Children sit at a reintegration center in Kpandroma in 2009. Julien Harneis

GOMA — “The wound will not heal as long as the knife keeps twisting,” reads a profession of faith by four young Congolese and Rwandan artists trying to shatter stereotypes between the two neighboring peoples of the Great Lakes region.

Through their group, Simama Africa, they mobilized some 30 young people from both countries for a day of reflection last month at the Protestant Welcome Center in Goma in the eastern Democratic Republic of the Congo.

“We thought is was the right moment to create a dialog between the youth of the two countries to see how to break the mistrust that the commemoration of the Rwandan Genocide of April 1994 risked creating every year,” said Fison Muhindo, a young Congolese man and one of group’s founders.

The Rwandan Genocide, carried out against the Tutsi people of Rwanda by the ruling Hutu majority, claimed the lives of an estimated 500,000 to one million Rwandans.

“We are all conscious of this sad history,” Muhindo said. “But if we continue to reflect on it negatively, we will not know how to build peace between us.”

For him, the persistence of the Rwandan Hutu rebel group Democratic Forces for the Liberation of Rwanda, or FDLR, and other armed groups of the DRC originates from this unfortunate event.

The conflict in the DRC has already caused more than five million deaths, according to many reports.

Muhindo thinks the young generation needs to get involved in the search for a lasting solution.

We are all conscious of this sad history. But if we continue to reflect on it negatively, we will not know how to build peace between us.

A young Rwandan member suggests creating partnerships and exchanges. Speaking of an attack on Goma in 2012 by the M23 movement, a rebel military group based in eastern areas of the DRC, he recalled that on the eve of the attack, “I was in serious danger at the great barrier (the border crossing between Gisenyi and Goma) when I wanted to come here to Goma.

“I ended up vowing never to set foot here again,” he says. “Today I understand that there were misperceptions between the youth of these two countries because some still remembered the images of hatred of 1994, even though we’re already in 2017.”

The young Rwandan firmly believes that history should not divide an entire people, and during the dialog between the young Congolese and Rwandans, he managed to convince his Congolese counterpart to participate in an activity at a Rwandan cultural center in Gisenyi.

Hilda Vagheni, head of communications at the Central Baptist Church at the Africa Center (CBCA), who also attended the event, thinks that the two countries should adopt policies to soften the language of some slogans, such as “the genocide inflicted on the Tutsis.” Repeating this phrase victimizes the youth of that community and creates a sentiment of guilt among young Hutus, she says, thereby hindering the consolidation of peaceful relations between the two neighboring communities.
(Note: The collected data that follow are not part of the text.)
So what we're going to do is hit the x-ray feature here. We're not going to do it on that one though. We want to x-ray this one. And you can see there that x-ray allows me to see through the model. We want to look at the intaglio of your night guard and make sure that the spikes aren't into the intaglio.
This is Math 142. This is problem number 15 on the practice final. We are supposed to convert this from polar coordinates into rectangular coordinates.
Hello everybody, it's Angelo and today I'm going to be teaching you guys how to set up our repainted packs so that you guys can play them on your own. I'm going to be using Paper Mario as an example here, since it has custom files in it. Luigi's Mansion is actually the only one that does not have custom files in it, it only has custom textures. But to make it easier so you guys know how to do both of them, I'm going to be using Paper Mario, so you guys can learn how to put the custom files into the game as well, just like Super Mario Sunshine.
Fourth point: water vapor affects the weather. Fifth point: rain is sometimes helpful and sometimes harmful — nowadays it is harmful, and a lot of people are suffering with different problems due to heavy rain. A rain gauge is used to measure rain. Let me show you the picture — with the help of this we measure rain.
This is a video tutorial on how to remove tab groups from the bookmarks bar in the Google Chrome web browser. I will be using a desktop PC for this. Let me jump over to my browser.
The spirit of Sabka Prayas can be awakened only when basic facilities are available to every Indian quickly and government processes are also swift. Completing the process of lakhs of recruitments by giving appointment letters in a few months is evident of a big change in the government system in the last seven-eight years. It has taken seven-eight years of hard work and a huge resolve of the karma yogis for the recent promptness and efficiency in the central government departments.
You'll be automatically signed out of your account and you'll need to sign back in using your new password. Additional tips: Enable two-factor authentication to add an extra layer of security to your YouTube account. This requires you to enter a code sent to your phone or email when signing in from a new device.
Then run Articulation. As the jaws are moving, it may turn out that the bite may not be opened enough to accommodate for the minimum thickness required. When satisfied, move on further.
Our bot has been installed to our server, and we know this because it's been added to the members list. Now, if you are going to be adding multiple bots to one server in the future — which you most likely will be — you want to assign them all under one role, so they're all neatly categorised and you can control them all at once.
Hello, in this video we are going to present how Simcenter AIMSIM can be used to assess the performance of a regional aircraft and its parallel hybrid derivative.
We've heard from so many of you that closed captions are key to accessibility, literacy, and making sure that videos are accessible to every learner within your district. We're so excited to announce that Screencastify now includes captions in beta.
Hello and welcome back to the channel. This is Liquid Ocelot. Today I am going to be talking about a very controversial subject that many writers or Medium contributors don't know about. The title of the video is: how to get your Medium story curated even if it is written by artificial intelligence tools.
The Simama Africa initiative took place the day after the 9th Diocesan Youth Day, a day where Christians from all denominations in Rwanda, Burundi and Kenya celebrate with those from the DRC regions of North and South Kivu.

The essential message that emerged from the meeting was, “We are all the same, in the image of Jesus Christ, who is not a member of a tribe. He is here for everyone regardless of race, tribe, community or ethnicity.”